A note on my teaching strategy here- this would be my introductory Civ IV scenario in my class. I wouldn't go in for much guided playing (see the lesson plan in 'The Year of the Four Emperors'), but would rather let the students play this one out, to get them used to Civ, etc. At the end of the game, my questions would concern the role of geography in forming connections between peoples, wars, etc, and the tenuous nature of Rome's early survival (many of my students seem to believe that because Rome had an empire, _of course_ it would've beaten all the other early surrounding city states.)

I used the Civ4 Editor to make the map - you should too!

Hope you all enjoy; would love your feedback and comments!

Year of the Four Emperors

My academic research: Agent modeling in Roman Archaeology
 

Attachments

  • Romulus, King of Rome.zip
    20.9 KB · Views: 1,730
I'll get some screenshots up in a few days, I promise.


---ack! Noticed that I forgot to give my protohistoric italians any useful/appropriate technologies. They should all have bronze and iron working, at the very least, hunting, fishing, and agriculture. Ok, will do that soon too.
---------> taken care of. More or less appropriate technologies now in the scenario.


---by the way, it occurs to me that this scenario might go very well with The Barbarian Civ mod, which lives at: http://forums.civfanatics.com/showthread.php?t=170243
 
You're a genius. Firaxis should do up some historical applications, and sell it to schools. Can you imagine an on online university? Course hours for interactive online civ? Now that I would pay for. There are only two or three major grades for upper level History courses anyway. Writing a paper on an interactive historical simulation, rather than a book; Brilliant!

Who said History class has to be dull. A History course with civ, I can guarantee, would be full the instant it hit registratation.

Break into your groups, play an era of civ multiplayer, interacting with maps/name/peoples/technology of that age, and discuss/ write synopsis for homework. (Maybe an active lesson teacher in corner of screen lecturing on things you're playing with while playing.

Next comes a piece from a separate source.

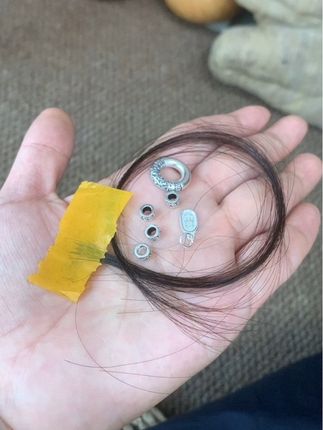 非常感谢友友们的信任通过咱们平台交易上飞飞姐,感谢平台给我们手艺人展示自己的机会!不是黄金买不起而是发丝手绳 更有性价比更有意思不是黄金卖不起而是发丝手绳更有性价比 一缕情丝一缕魂,青丝代表着相思,也代表爱情的坚韧和永恒 它是从爱人的头发上剪下来的,蕴涵着对方的气息和温度, 所以一缕青丝送爱人,这款礼物充满了诗意和浪漫让爱情更加温馨,你说对吗? #手工diy制作 #手艺人在抖音 #头发手绳编织 #一缕青丝手链编法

Sort of a civilopedia turned textbook, and instead of a pedia it's an interactive teacher by popbox.)

At all levels this could work. For youth applications...Think of an Oregon Trail mod/game for kiddos. If what you're doing is not stirring up the powers that be, they're crazy. That's $.
 
Thanks for the support! I've been thinking much along the same lines myself.

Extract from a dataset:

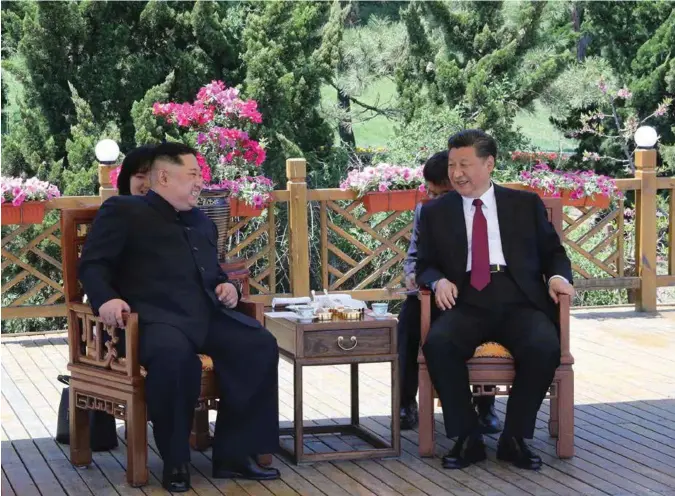  ?? JU PENG, AP /NTB SCANPIX ?? Kim Jong-un og Kinas president Xi Jinping har hatt nytt møte, før førstnevnt­e skal ha sitt toppmøte med USAs president Donald Trump.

As it happens, all of my teaching is in the distance education department and online. So if anyone is interested, drop me a line and I'll tell you where you can sign up for the course (apologies to the moderators if I'm not allowed to do this?). The scenarios won't be for assessment - yet. I'd have to get that approved by the University. However, there's no reason why I can't use these as ancillary materials for the time being, the experience of which'd inform the writing of the more traditional essays...

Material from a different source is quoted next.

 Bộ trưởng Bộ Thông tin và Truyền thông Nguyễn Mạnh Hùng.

Hang, I might even accept a well-crafted scenario, with supporting documentation (ie full citations, explanation for design decisions, historical points to be made), in lieu of an essay....hmmm....
 
Yay! Just what kind of mods I love: I much prefer short & funny historical scenarios instead of megalomaniac mod projects :goodjob:

Keep up the good work! :king:
 
Auch, I spoke too early - the scenario crashes after first turn playing as Romans:rolleyes:
 
I posted after great experience with the four emperors mod and getting all horny after seeing this :D
 
After all this scenario reads very interesting. But I'll have to wait until someone posts "hey I played it through and it actually works perfect".

Then it's my turn :D
 
Not much details to tell - started up as Romans, pressed enter -> desktop. Difficulty monarch, speed normal, latest patch.
 
arg! man, but this is annoying. Before my last upload, it was fine on my machine. I tweaked the starting techs, saved, and uploaded. Now, I look and see that the description I'd put in has disappeared, and yes, it crashes after one turn. Why is that? This frustrates the hell out of me. It didn't used to do that. I didn't change anything fundamental - just added bronze working and iron working. Is that so wrong!?!
 
Your error might be that there are prerequisites for iron and bronze working. Maybe it crashes because it realizes that some techs are missing in the tree?
 
Pvblivs said:
Your error might be that there are prerequisites for iron and bronze working. Maybe it crashes because it realizes that some techs are missing in the tree?

That was it, more or less - I'd also added monarchy (because Archaic Rome was a monarchy, natch) but didn't have the prereqs. Thanks for the suggestion!

To anybody who has downloaded this before, to solve the problem download it again and clear the cache. That should do it.

(the cache lives at:

"C:\Documents and Settings\ * your documents * \Application Data\My Games\Sid Meier's Civilization 4\cache"

or thereabouts).
 
what is your next venture? something in the Republican era perhaps? Maybe something towards the end of the empire, after the split.
 
I really like the early empire. Always have. But I like Etruscans too. I might someday put together an Ottawa Valley 19th century scenario, but that'll just be for amusement of my friends and neighbours!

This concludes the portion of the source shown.